# Nice Deer-Age and score please



## Captain Stansel (Jul 8, 2008)

got this on the game cam over the weekend.


----------



## Ninjazx9rrida (Jun 11, 2006)

not even gonna guess! but that is one wide deer!


----------



## Kyle 1974 (May 10, 2006)

I hope you're not in an antler restriction county... he probably won't make the 13" spread.


----------



## NaClH2O (May 25, 2004)

Holy smokes. I think my heart just stopped for a moment.


----------



## OMG (Mar 2, 2009)

26" wide, gross mid-170's is my guess. Age is hard to tell due to clarity.......I'd put him at 6.5 yrs.


----------



## tommyswt (Sep 16, 2009)

160's 4.5?


----------



## Tiny (Dec 19, 2006)

Hard to tell with that jacked up peeture.... But I would shoot it.


----------



## Captain Stansel (Jul 8, 2008)

My brotheris actually hunting that deer right now in that stand. Per the game cam it's coming into that feeder every morning and evening. I may have a nother picture here in the next couple of hours with it on the ground. I'll keep ya'll posted. Go ahead and guess the score and age and will see who's closest. I'm guesing 175 and 6.5 in age. If he takes it he'll put a tape on it tonight, but I don't know how accurate it will be because he will be celebrating with Crown Reserve.


----------



## Zereaux (Jul 18, 2006)

I'd say mid 150's and 5.5...


----------



## FREON (Jun 14, 2005)

Tell him to let dat deer walk 4 another year so he can put on sum mass and more tine length.


----------



## capt.sandbar (Aug 31, 2007)

That is one nice buck!!
Is it high fenced?


----------



## BuckShot (Jan 7, 2005)

*Buck*

5.5 years old and 165. 25 5/8" spread. Nice buck!!!


----------



## Captain Stansel (Jul 8, 2008)

2 more pics. Sorry for the poor quality. This particular cam at this stand sucks.


----------



## Captain Stansel (Jul 8, 2008)

Yes it is high fence. Jim Wells county under management program for 15 years. When we got on the property it was shot out and you wouldn't see anything over 120. The biggest buck taken off the property is maybe 170. We've seen a couple of 180's out of the chopper, but this particular property a monster would be 180's. This is not deep s. tx, but it's been working for us.


----------



## Rack Ranch (May 25, 2004)

I'm guessing thats a 28-30'' MB ..Walker


----------



## huntrfish (Oct 16, 2009)

164" and atleast 6.5


----------



## Grizzly1 (Dec 12, 2008)

HOLY MOLLY! He's a beauty for sure! Gonna make a great mount if he gets him! Hopefully he will get a dirt nap!


----------



## RB II (Feb 26, 2009)

I am gonna say 175-180, still can't tell about the age for sure, but would guess 6.5+ due to what looks like a roman nose plus that nasty kicker.


----------



## catchysumfishy (Jul 19, 2008)

OMG said:


> 26" wide, gross mid-170's is my guess. Age is hard to tell due to clarity.......I'd put him at 6.5 yrs.
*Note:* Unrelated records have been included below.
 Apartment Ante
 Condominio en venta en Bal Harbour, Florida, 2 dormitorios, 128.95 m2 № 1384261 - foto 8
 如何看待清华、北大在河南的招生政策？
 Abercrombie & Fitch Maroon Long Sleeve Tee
LMAO, great deer but how could you even guestimate that with the stretched out photo?


----------



## Captain Stansel (Jul 8, 2008)

They'll be a tape on it by 7:00 p.m. Deer comes out at 6:30


----------



## CHARLIE (Jun 2, 2004)

I think its the G2 on his left side looks like it needs some Viagra. ... Very nice deer.

Charlie


----------



## Boatless Potlicker (Oct 5, 2009)

*I would wait, maybe...*



catchysumfishy said:


> LMAO, great deer but how could you even guestimate that with the stretched out photo?
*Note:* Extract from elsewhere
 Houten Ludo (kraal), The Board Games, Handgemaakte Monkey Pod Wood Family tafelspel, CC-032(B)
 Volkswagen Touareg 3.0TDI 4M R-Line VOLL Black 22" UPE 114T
Isn't that what this thread is about? Est with the size of the feeder supports.:camera:

He was born in the spring of 2004 which puts him at just over 5.5 yrs 28 5/8" scoring a 176.25:work:


----------



## ShallowSport24 (Sep 15, 2009)

Tough to tell, but I'll take a wack. I get him at 157-159 and 6.5 years old. Nice SoTX buck.
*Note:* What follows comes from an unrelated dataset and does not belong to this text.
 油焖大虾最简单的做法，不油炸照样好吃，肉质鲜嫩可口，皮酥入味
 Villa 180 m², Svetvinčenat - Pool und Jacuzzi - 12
Good luck to your brother.


----------



## Captain Stansel (Jul 8, 2008)

We will no in a bit. If he doesn't drop him this evening it will most likely be in the a.m. I'll keep you posted.


----------



## the wood man (Sep 14, 2006)

I am confused--are we talking crossbow?Anyway, high fenced, buck comes out to feeder every morning and evening, wow that's hunting!


----------



## Kyle 1974 (May 10, 2006)

24" spread, mid 150's....




hard to tell his age the way he's all scrunched up.


----------



## mardigrastopsntails (May 20, 2008)

Shoot that SOB


----------



## Captain Stansel (Jul 8, 2008)

He did boys. Squeezed the trigger at 6:35 p.m. He enjoyed watching for about 5 minutes and couldn't stand it anymore than that. 7MM drove through it, but it was a little behind. No blood trail, but only ran 100yds.


----------



## mr. buck (Jan 11, 2009)

wow, what a brute. congrats to him. a perfect example of why B&C needs more than a pt per inch of inside spread IMO. Im guessing he'll score around 175 and I'd rather shoot that than 90% of the 180 class bucks i've seen. I'll go 6.5+ on the age. as for the OP questioning, 15 years of mgt and all the work that is required to produce deer like this speaks for itself


----------



## Captain Stansel (Jul 8, 2008)

More pics


----------



## Captain Stansel (Jul 8, 2008)

Congrats to the following as they were nearly dead on guessing the score:

Actual Gross/Age: 178 1/2 BC 6.5 old and 25"3/8 inside spread

OMG: 26" 170's BC 6.5

Hydrasport: 175-180 BC - 6.5+

Boatless Potlicker: 25" 176.25 BC

Mr. Buck: 175 BC 6.5


----------



## br1006 (Mar 24, 2006)

Awesome buck! That is a deer of a life time right there IMO! I would rather have one like that then some of the deer you see whose racks look like a bush with points going in every direction. A big wide typical w/ a little character, that G2 is waaaay cool!

Congrats!


----------



## yellowmouth2 (Aug 16, 2005)

If possible, I'd like to see the actual scores. Main beam length, circumference, tine length, etc. Not doubting, just out of pure curiosity. I had him a little less just looking at the pictures. I'd like to see where I went south.


----------



## Captain Stansel (Jul 8, 2008)

Here is the score card for all the ones that mis judged, including me


----------



## Captain Stansel (Jul 8, 2008)

Pic 6


----------



## Bone Pile (Jan 23, 2009)

Shooter(mature) may make mid 150s.Lots of width but short tines. Probably wont score as high as you think.


----------



## Cmount (Jun 1, 2005)

5.5 176"


----------



## Captain Stansel (Jul 8, 2008)

I've already placed the score card: 178+


----------



## ShallowSport24 (Sep 15, 2009)

Captian tell your bro congrats. A trophy of a life time.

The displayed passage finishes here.